Feature extraction scripts are written for CMU ARCTIC dataset, but can be easily adapted for other datasets.
vc_demo.sh is a clb to clt voice conversion demo script. Before running the script, please download wav files for clb and slt from CMU ARCTIC and check that you have all data in a directory as follows:
> tree ~/data/cmu_arctic/ -d -L 1
/home/ryuichi/data/cmu_arctic/
├── cmu_us_awb_arctic
├── cmu_us_bdl_arctic
├── cmu_us_clb_arctic
├── cmu_us_jmk_arctic
├── cmu_us_ksp_arctic
├── cmu_us_rms_arctic
└── cmu_us_slt_arctic
Once you have downloaded datasets, then:
./vc_demo.sh ${experimental_id} ${your_cmu_arctic_data_root}
e.g.,
 ./vc_demo.sh vc_gan_test ~/data/cmu_arctic/
Model checkpoints will be saved at ./checkpoints/${experimental_id} and audio samples
are saved at ./generated/${experimental_id}.
tts_demo.sh is a self-contained TTS demo script. The usage is:
./tts_demo.sh ${experimental_id}
This will download slt_arctic_full_data used in Merlin's demo, perform feature extraction, train models and synthesize audio samples for eval/test set. ${experimenta_id} can be arbitrary string, for example,
./tts_demo.sh tts_test
Model checkpoints will be saved at ./checkpoints/${experimental_id} and audio samples
are saved at ./generated/${experimental_id}.
See hparams.py.
tensorboard --logdir=log
- Yuki Saito, Shinnosuke Takamichi, Hiroshi Saruwatari, "Statistical Parametric Speech Synthesis Incorporating Generative Adversarial Networks", arXiv:1709.08041 [cs.SD], Sep. 2017
 - Yuki Saito, Shinnosuke Takamichi, and Hiroshi Saruwatari, "Training algorithm to deceive anti-spoofing verification for DNN-based text-to-speech synthesis," IPSJ SIG Technical Report, 2017-SLP-115, no. 1, pp. 1-6, Feb., 2017. (in Japanese)

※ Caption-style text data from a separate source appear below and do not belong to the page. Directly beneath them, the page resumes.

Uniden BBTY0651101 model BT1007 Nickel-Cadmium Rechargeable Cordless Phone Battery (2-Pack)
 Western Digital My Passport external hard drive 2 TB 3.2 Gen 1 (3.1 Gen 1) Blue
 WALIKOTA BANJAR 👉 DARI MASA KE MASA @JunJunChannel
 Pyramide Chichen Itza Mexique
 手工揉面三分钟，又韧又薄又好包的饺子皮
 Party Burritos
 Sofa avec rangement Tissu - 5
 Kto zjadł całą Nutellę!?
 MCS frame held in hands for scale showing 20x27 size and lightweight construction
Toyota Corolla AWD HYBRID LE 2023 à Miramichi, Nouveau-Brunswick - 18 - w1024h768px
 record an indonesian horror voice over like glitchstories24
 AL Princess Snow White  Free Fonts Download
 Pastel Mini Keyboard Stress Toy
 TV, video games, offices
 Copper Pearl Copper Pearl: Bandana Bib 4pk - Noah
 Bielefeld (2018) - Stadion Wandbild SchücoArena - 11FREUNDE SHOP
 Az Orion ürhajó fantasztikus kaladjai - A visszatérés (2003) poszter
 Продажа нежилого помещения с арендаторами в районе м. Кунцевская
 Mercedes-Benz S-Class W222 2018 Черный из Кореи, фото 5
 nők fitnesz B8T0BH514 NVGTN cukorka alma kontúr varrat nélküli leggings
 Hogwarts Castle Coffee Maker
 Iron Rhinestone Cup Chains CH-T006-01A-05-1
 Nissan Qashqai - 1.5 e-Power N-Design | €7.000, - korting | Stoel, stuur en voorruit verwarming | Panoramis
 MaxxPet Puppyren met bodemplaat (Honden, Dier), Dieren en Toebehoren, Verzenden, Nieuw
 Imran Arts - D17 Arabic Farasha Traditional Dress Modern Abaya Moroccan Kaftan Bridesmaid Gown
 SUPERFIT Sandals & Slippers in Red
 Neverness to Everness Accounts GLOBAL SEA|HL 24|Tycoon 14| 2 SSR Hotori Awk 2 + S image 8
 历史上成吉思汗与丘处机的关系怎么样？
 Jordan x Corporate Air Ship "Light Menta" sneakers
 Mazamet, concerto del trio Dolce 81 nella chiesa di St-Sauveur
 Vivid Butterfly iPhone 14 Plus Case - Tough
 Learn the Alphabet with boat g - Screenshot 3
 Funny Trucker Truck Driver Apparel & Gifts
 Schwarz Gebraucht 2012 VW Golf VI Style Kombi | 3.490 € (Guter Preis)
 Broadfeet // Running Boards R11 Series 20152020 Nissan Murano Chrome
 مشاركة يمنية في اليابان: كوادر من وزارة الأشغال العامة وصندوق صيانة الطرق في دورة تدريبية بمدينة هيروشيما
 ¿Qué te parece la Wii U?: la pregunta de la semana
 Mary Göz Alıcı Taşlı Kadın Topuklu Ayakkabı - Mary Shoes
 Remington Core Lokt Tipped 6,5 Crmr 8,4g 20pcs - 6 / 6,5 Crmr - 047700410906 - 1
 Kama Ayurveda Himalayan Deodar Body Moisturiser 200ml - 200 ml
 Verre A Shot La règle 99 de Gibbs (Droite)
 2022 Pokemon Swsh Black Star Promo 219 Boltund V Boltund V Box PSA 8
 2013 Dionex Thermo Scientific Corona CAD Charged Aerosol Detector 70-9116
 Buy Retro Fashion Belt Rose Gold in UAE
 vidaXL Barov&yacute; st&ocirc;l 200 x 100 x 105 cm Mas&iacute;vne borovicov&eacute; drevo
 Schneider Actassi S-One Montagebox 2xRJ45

 - Yuki Saito, Shinnosuke Takamichi, and Hiroshi Saruwatari, "Voice conversion using input-to-output highway networks," IEICE Transactions on Information and Systems, Vol.E100-D, No.8, pp.1925--1928, Aug. 2017
 - https://www.slideshare.net/ShinnosukeTakamichi/dnnantispoofing
 - https://www.slideshare.net/YukiSaito8/Saito2017icassp
 
The repository doesn't try to reproduce same results reported in their papers because 1) data is not publically available and 2). hyper parameters are highly depends on data. Instead, I tried same ideas on different data with different hyper parameters.